While the X-Men and the avengers don’t spend much time together on the page, they do exist in the same universe and do crossover from time to time.  Their first appearance came on The X-Men #1 (September 1963).  As with other properties, their histories, origins, and outcomes have changed as new writers come onboard, and storylines play out.  Sometimes there are huge contrivances to make the plot fit, then you have the comic book favourite, alternate universes, and just plain reboots and retcons.  Nothing is sacred, and even canon isn’t really canon!  

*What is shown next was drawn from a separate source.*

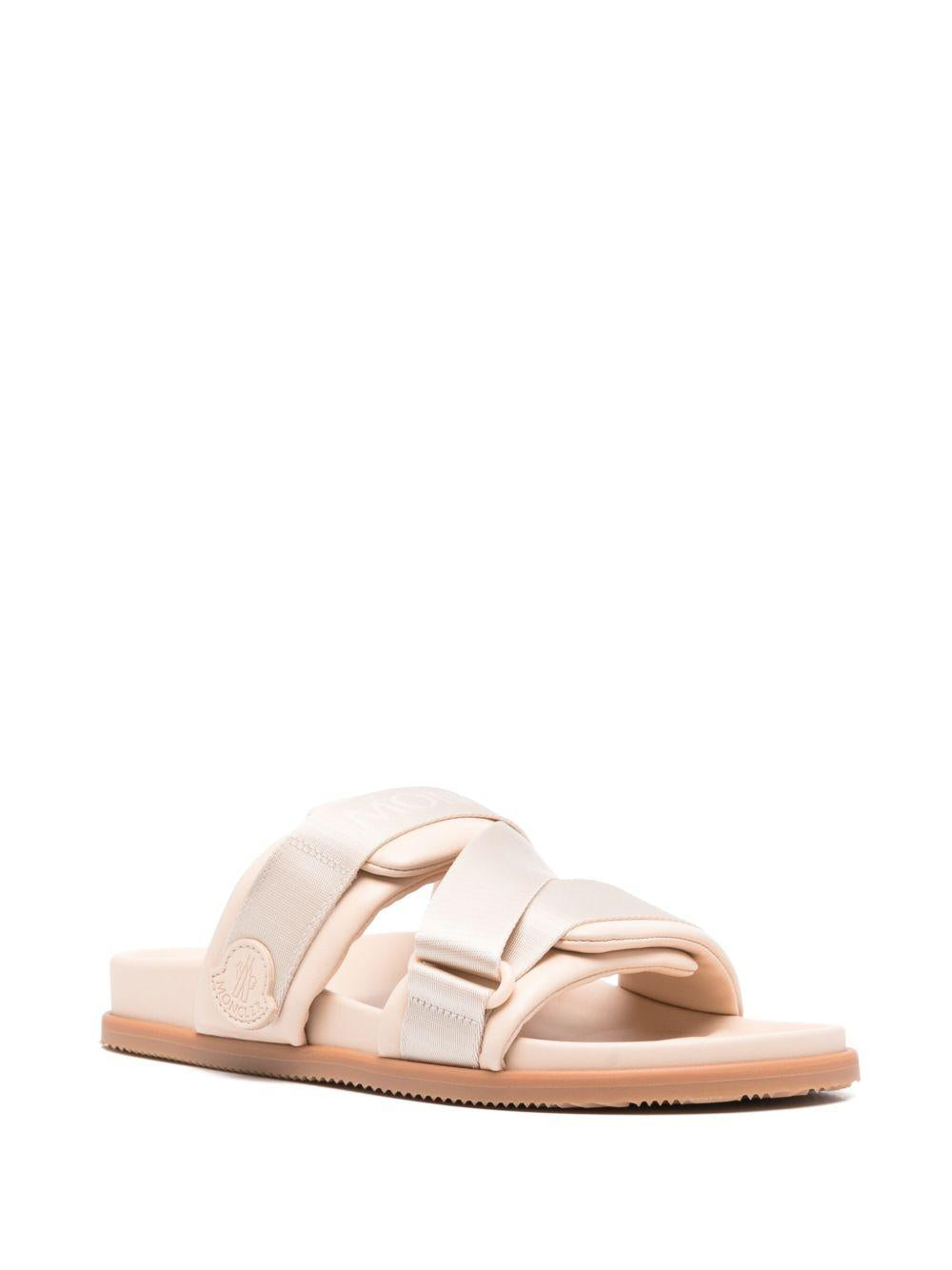 Moncler Leather Platform Sandals Black Women’s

Stan Lee and Jack Kirby are credited with the invention of the X-Men.  Years later Lee explained he came up with the idea as an easy way of introducing an infinite number of powered characters with a variety of abilities: “I couldn’t have everybody bitten by a radioactive spider or exposed to a gamma ray explosion. And I took the cowardly way out. I said to myself, ‘Why don’t I just say they’re mutants? They were born that way.'”  There is one MCU character who has a significant crossover with the X-Men in the comic books.  Carol Danvers aka Captain Marvel first appeared in Marvel Super-Heroes #13 (March 1968).  At this time she did not have her Kree powers and was a United States Air Force officer and colleague of the Kree superhero Mar-Vell aka Captain Marvel.  She was accidentally subjected some MacGuffin she mutated on a genetic level into a Human/Kree Hybrid superhuman going by the name of Ms. Marvel.  Rogue then permanently absorbed Danvers powers leaving her in a coma.  She eventually recovered , regained her powers and took the name Captain Marvel. 

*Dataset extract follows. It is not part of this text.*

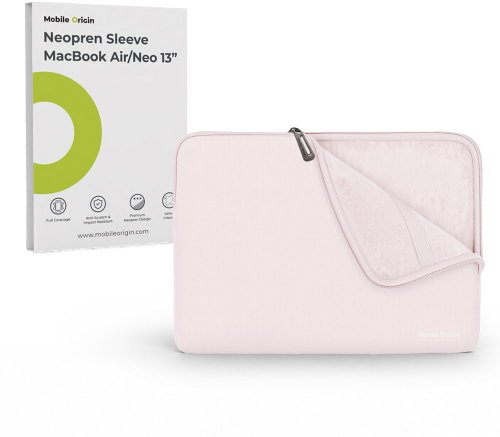 Mobile Origin Neoprene Sleeve MacBook Air/Neo 13" pink - Laptop Case - Main image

This presents two opportunities.  So far in movies we have only seen Anna Paquin’s Rogue temporarily absorbing powers and crippled by the guilt of putting her first boyfriend in a coma. While a great performance, it lacks the fun, and attitude of the character from the comic books.  It isn’t clear if this was an artistic choice, or one made in a universe that didn’t include Danvers.  Whatever the reason, it would be fun to see a very different Rouge in future.  It is also worth remembering she started out as a villain in the comic books before joining the X-Men.  The second opportunity relates to Captain Marvel, like Superman, she is too powerful to be interesting.  This gives her the chance to sell an interesting story without having to find a advisory with similar power.

A final thought, if the X-Men can join the MCU, so can the Fantastic Four.  I’m sure it is due for another reboot, if not, from his Captain America duties, Chris Evans could return as Johnny Storm / Human Torch.  Unlikely, but worth it for the moment Wade Wilson mention’s how much he looks like Cap!